Homology modeling and molecular dynamics study of the interactions of SoxY and SoxZ: The central player of biochemical oxidation of sulfur anions in Pseudaminobacter salicylatoxidans

Abstract

Microbial redox reactions of inorganic sulfur compounds, mainly the sulfur anions, are one of the vital reactions responsible for the environmental sulfur balance. These reactions are mediated by phylogenetically diverse prokaryotes, some of which are involved in the extraction of metal ions from their sulfur containing ores. The sulfur oxidizing gene cluster (sox) of α- Proteobacteria comprises of at least 15 genes, forming two transcriptional units, viz., soxSR and soxVWXYZABCDEFGH. SoxY is known to be a sulfur covalently binding protein, which binds sulfur anions to form the first covalently bound sulfur adduct in the novel global sulfur anion oxidation cycle.

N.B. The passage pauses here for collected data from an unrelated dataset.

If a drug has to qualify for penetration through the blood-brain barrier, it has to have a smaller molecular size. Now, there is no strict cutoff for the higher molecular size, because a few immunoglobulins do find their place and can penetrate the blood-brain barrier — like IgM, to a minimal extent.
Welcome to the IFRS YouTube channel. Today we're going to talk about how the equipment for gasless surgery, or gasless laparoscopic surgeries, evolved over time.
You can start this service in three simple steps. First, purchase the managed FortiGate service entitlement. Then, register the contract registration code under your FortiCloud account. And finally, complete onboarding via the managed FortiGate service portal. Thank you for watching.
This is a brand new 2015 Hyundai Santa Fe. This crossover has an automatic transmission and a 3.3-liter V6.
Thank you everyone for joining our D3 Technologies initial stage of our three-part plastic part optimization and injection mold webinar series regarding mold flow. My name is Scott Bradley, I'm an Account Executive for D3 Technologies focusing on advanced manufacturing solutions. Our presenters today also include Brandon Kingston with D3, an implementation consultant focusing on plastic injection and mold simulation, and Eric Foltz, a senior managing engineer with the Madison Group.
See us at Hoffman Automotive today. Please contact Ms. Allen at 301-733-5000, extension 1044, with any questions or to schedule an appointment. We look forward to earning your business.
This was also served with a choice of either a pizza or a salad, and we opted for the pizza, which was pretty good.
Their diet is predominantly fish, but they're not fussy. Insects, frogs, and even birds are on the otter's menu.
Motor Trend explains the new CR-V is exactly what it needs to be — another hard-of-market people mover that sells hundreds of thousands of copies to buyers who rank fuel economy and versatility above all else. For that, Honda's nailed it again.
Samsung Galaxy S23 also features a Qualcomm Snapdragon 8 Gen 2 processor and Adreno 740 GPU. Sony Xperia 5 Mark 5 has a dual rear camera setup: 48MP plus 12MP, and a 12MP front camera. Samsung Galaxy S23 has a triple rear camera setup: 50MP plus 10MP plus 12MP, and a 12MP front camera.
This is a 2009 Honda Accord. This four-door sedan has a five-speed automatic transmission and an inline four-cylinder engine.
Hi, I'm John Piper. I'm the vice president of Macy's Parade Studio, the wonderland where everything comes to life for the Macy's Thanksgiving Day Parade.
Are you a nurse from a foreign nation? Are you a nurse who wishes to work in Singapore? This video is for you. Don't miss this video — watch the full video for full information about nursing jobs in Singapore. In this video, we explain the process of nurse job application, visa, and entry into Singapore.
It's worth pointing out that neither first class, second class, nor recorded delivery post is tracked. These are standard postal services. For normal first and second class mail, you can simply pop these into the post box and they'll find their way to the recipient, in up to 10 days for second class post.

SoxZ, a sulfur compound chelating protein, binds to SoxY forming a complex to which SoxB, a sulfate thiol-esterase binds and ultimately cleaves the sulfur adduct. We employed homology modeling to construct the three-dimensional structures of the SoxY and SoxZ proteins from Psedaminobacter salicylatoxidans. With the help of docking and molecular dynamics studies we have identified the residues of SoxY and SoxZ involved in the interaction. The probable mechanistic details of the interactions of the SoxYZ complex in the binding of sulfur anions are also established. Present study provides a rational basis to illustrate the molecular mechanism of the biochemistry of sulfur anion oxidation reactions by these ecologically important organisms.